Case Study 1: Ares
Google’s Abuse SRE and Common Abuse Tool (CAT) teams provided anti-abuse protection for most Google properties and worked with customer-facing products to keep users safe. The Abuse SRE team applied engineering work to lower CAT’s operational support burden so that the developers were able to take a direct role in supporting their users. These users were the Googlers operating the properties defended by CAT, who had high expectations about the efficacy of CAT and its response time to problems or new threats.
Efficient abuse fighting requires constant attention, rapid adaptive changes, and nimble flexibility in the face of new threats and attacks. These requirements clashed with the common SRE goals of reliable and planned feature development. CAT teams routinely needed to implement fast development and deploy new protections to properties under attack. However, Abuse SRE pushed back on requested changes, requesting more in-depth analysis of the consequences each new protection would have on the overall production system. Time constraints on consultations between teams and reviews compounded this tension.
To hopefully improve the situation, Abuse SRE and CAT leadership engaged in a multiyear project to create a dedicated infrastructure team within CAT. The newly formed “Ares” team had a mandate to unify abuse-fighting infrastructure for Google properties. This team was staffed by CAT engineers who had production infrastructure knowledge and experience building and running large services. The teams started an exchange program to transfer production management knowledge from Abuse SRE to the CAT infrastructure team members.
Abuse SREs taught the Ares team that the easiest way to launch a new service in production (when you’re already running large distributed services) is to minimize the additional cognitive load that the service imposes. To reduce this cognitive load, systems should be as homogeneous as possible. Deploying and managing a collection of production services together means they can share the same release structure, capacity planning, subservices for accessing storage, and so on. Following this advice, Ares redesigned the whole abuse-fighting stack, applying modularity concepts to shift toward a microservice model. They also built a new layer that provided abstractions for developers so that they didn’t have to worry about lower-level production details like monitoring, logging, and storage.
At this point, the Ares team started to act more like an SRE team for CAT by administering the new abuse-fighting infrastructure. Meanwhile, Abuse SRE focused on the production deployment and efficient day-to-day operation of the overall abuse-fighting infrastructure.

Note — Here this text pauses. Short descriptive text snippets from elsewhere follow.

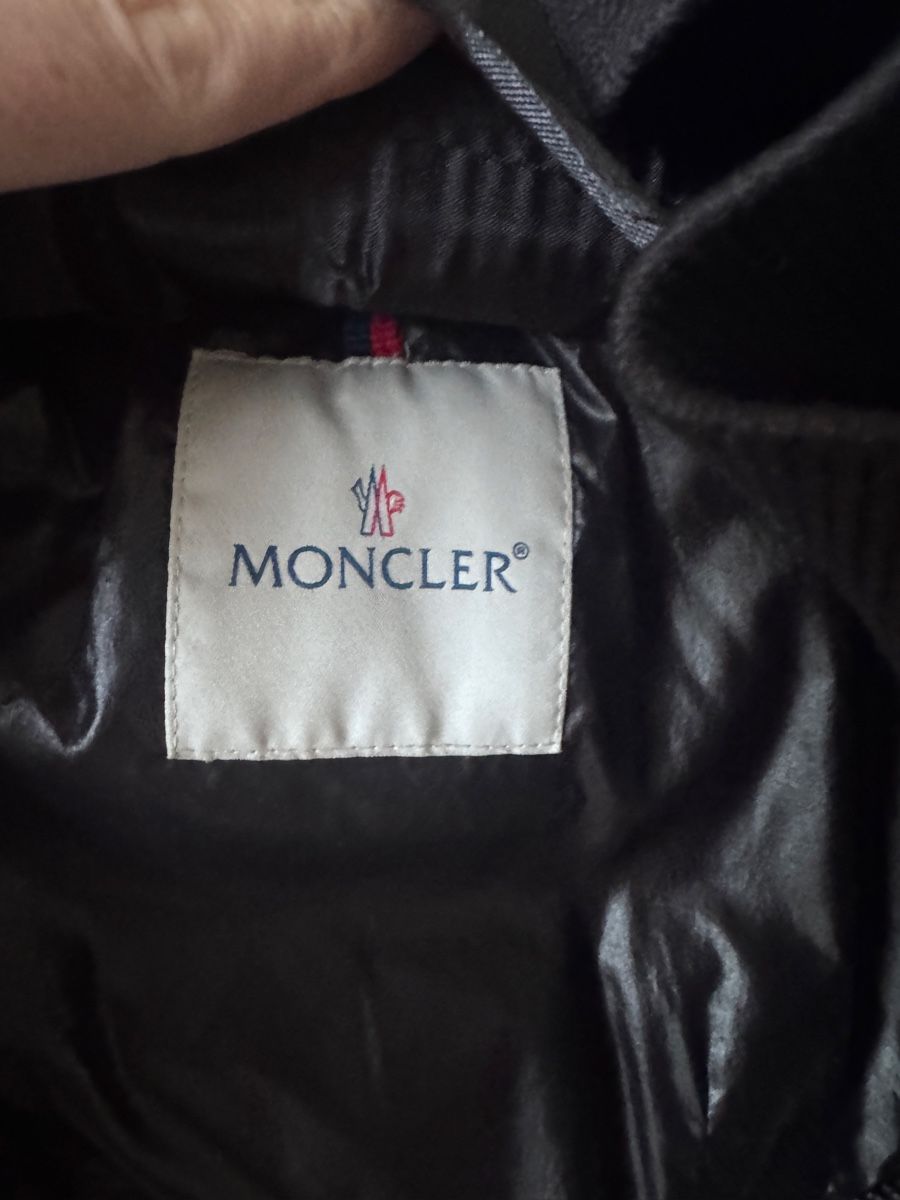 Moncler Giacche & Cappotti: Moncler – Usato da Ruvigliana venduto da lux_t2sb 3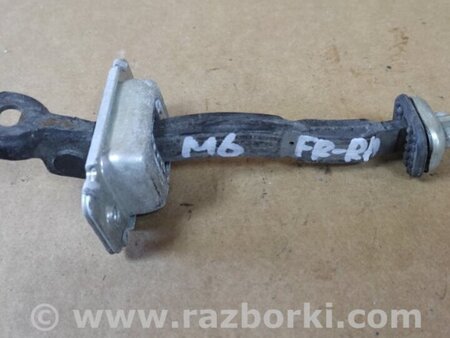 ФОТО Обмежувач дверей для Mazda 6 GG/GY (2002-2008) Киев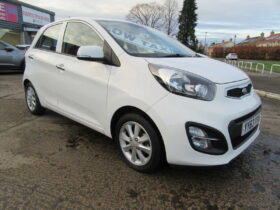 Kia Picanto 2 EcoDynamics 5d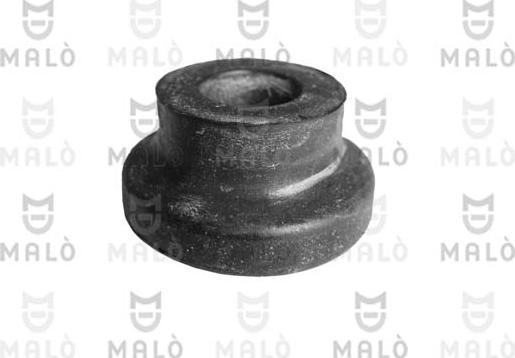 AKRON-MALÒ 23212 - Tampone paracolpo, Sospensione motore www.autoricambi360.it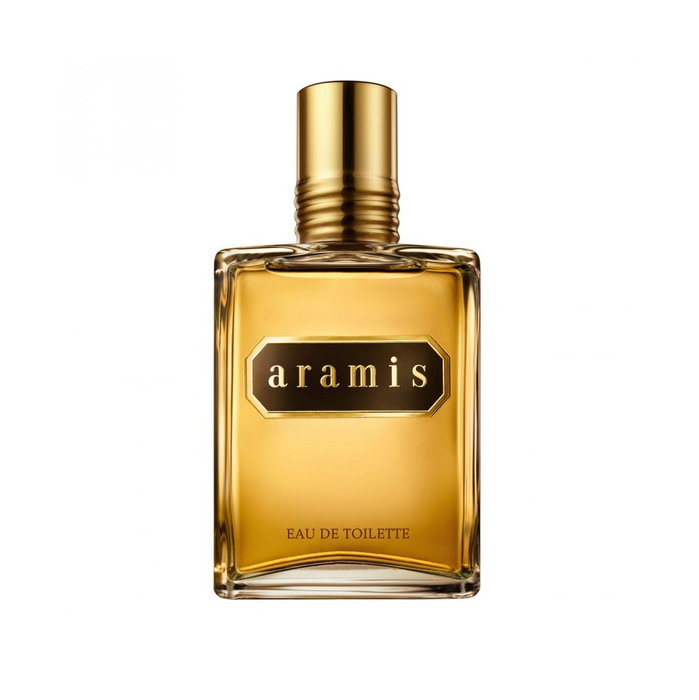 Aramis - Eau de Cologne - Vaporisateur - 60 ml - Fragrance Masculine Classique aux Notes Boisées et Cuir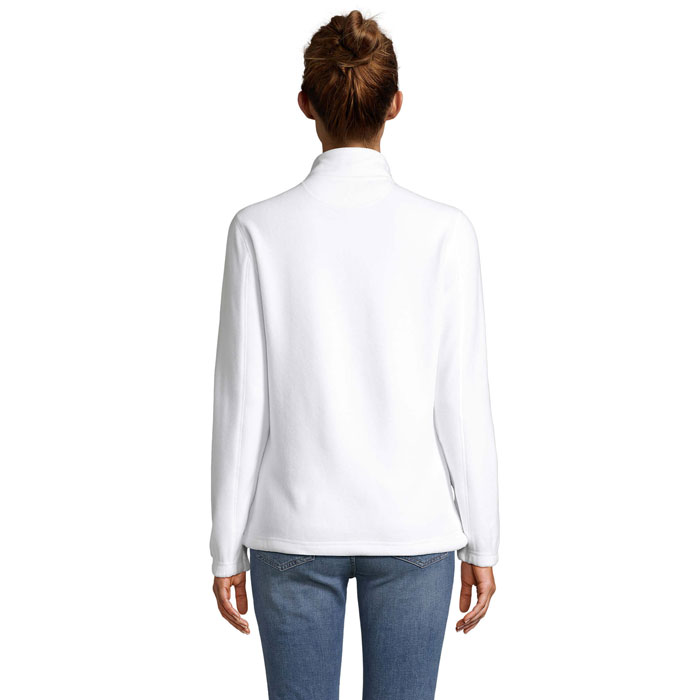 NORTH WOMEN - NORTH DAMEN FL JACKE  300g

Collaboration between the Ares engineers and Abuse SRE resulted in the following improvements:
-
Because the CAT team now had “in-house” production experts that were also experts in abuse fighting, Abuse SRE no longer had to vet new feature integration. This greatly reduced time to production for new features. At the same time, the CAT team’s developer velocity increased because the new infrastructure abstracted away production management details.
-
The Abuse SRE team now had many fewer requests from the CAT team to launch new features, as most of the requests did not require infrastructure changes. The team also needed less knowledge to evaluate the impact of a new feature, since infrastructure changes were rarely required. When infrastructure changes were necessary, Abuse SRE only needed to clarify the implications on the infrastructure rather than specific feature functionality.
-
Products that needed to integrate with abuse-fighting infrastructure had a faster and more predictable turnaround time since a product integration was now equivalent in effort to a feature launch.
At the end of this project, Abuse SREs disengaged from directly supporting CAT, focusing instead on the underlying infrastructure. This did not compromise CAT’s reliability or overburden the CAT team with additional operational work; instead, it increased CAT’s overall development velocity.
Currently, Ares protects users across a large number of Google properties. Since the team’s inception, SREs and product development have partnered to make collaborative decisions on how infrastructure will work in production. This partnership was only possible because the Ares effort created a sense of shared destiny.